Problem requirements: Word for word, restate the listing that follows and leave out the images.

Recorded information:

--*--

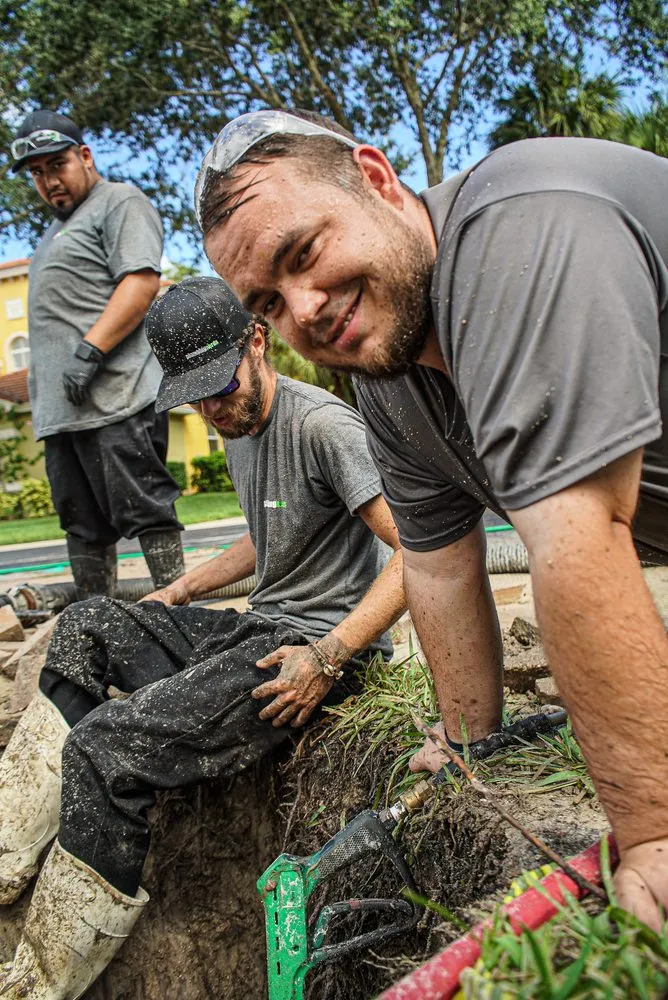 Expert water heater service in Bonita Springs, FL by Plumbing & Cooling Nerds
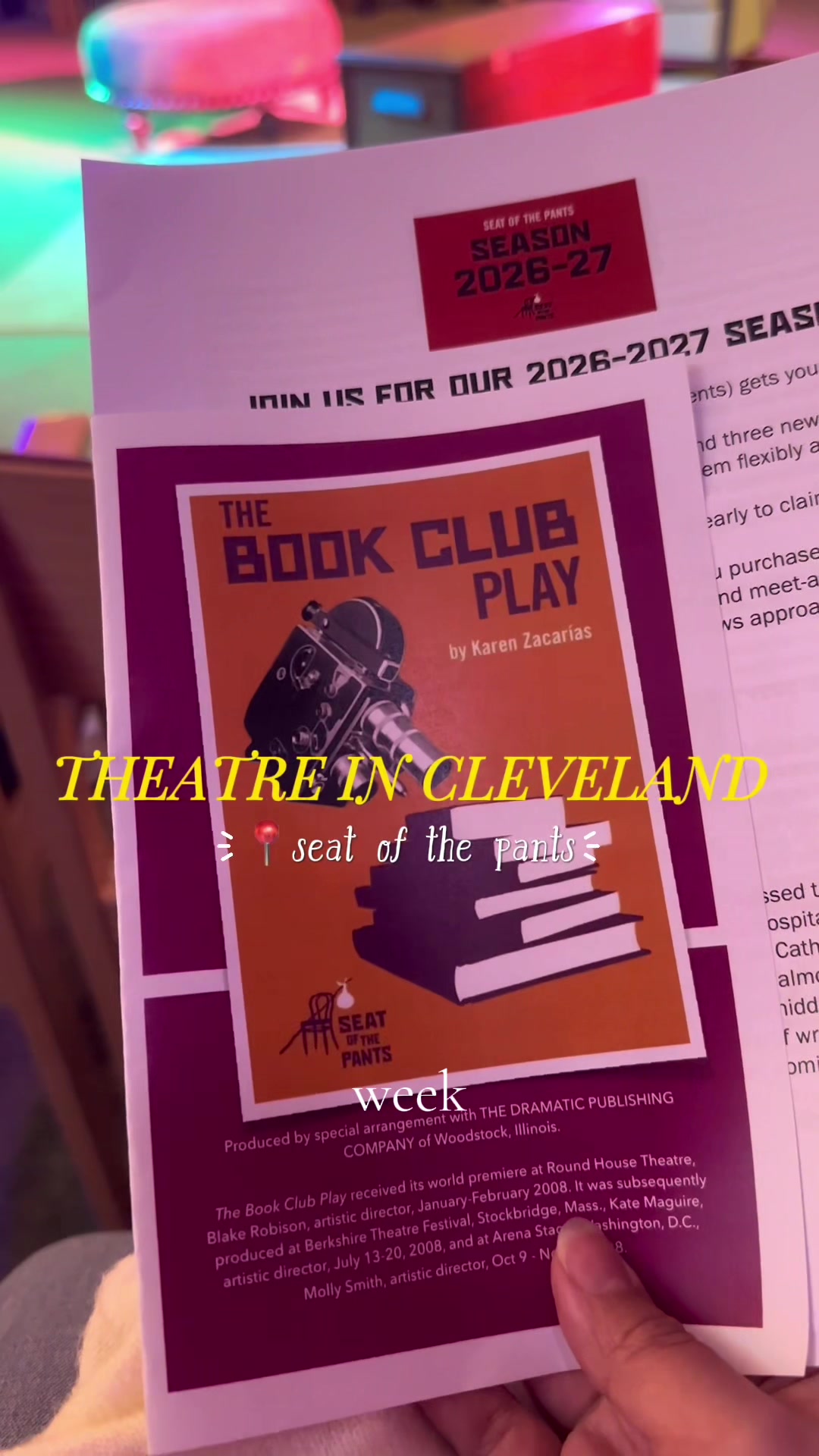 @drama club coffee & books
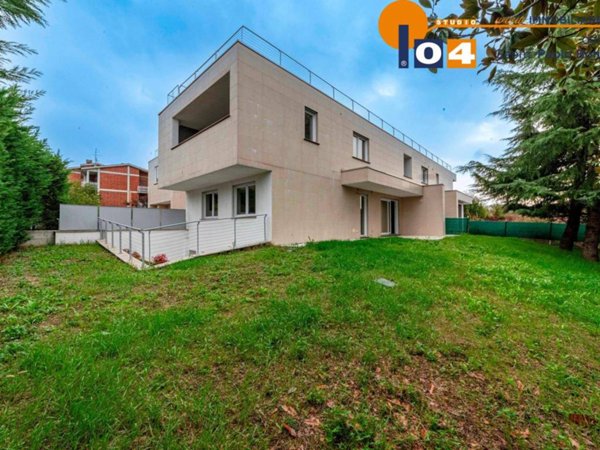 appartamento in vendita a Giussano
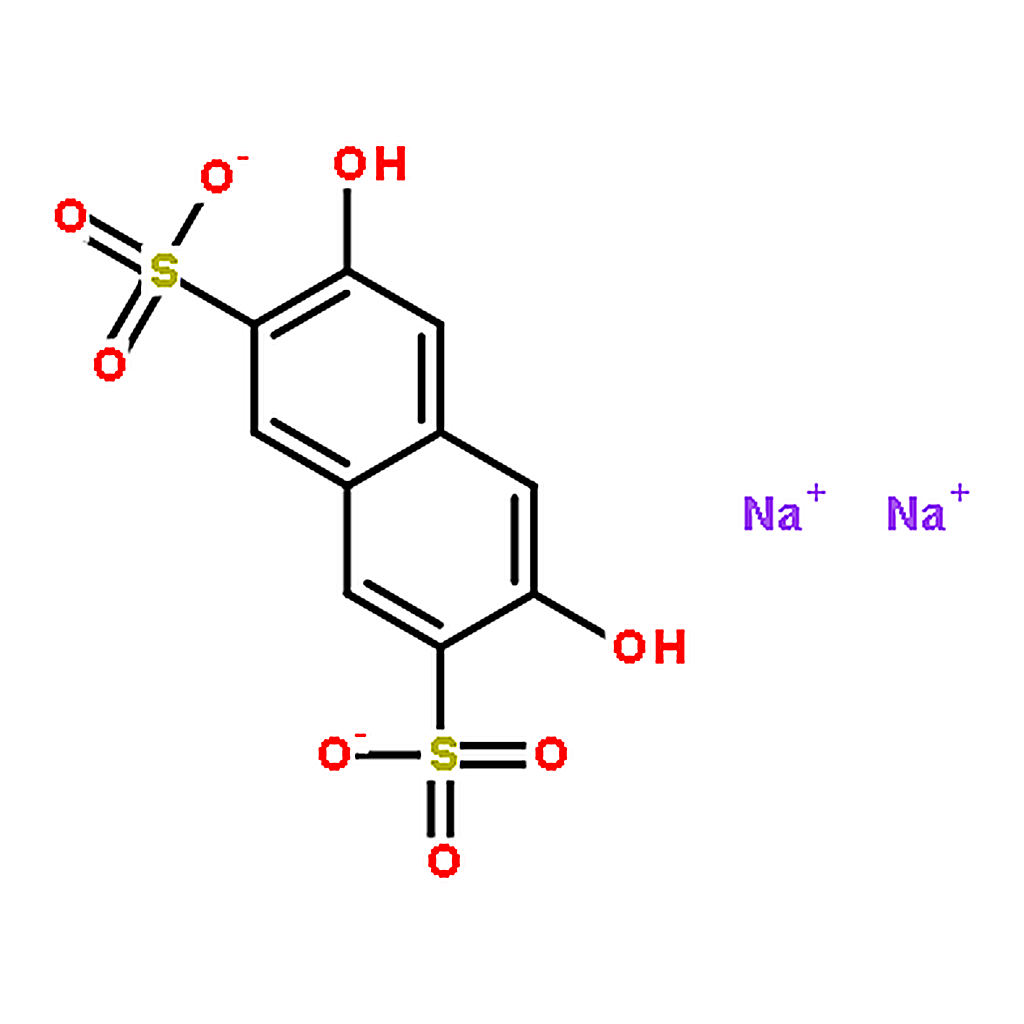RHAWN 3，6-Dihydroxynaphthalene-2，7-Disulfonic Acid Disodium Salt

--*--

Output:
 Expert water heater service in Bonita Springs, FL by Plumbing & Cooling Nerds
 @drama club coffee & books
 appartamento in vendita a Giussano
RHAWN 3，6-Dihydroxynaphthalene-2，7-Disulfonic Acid Disodium Salt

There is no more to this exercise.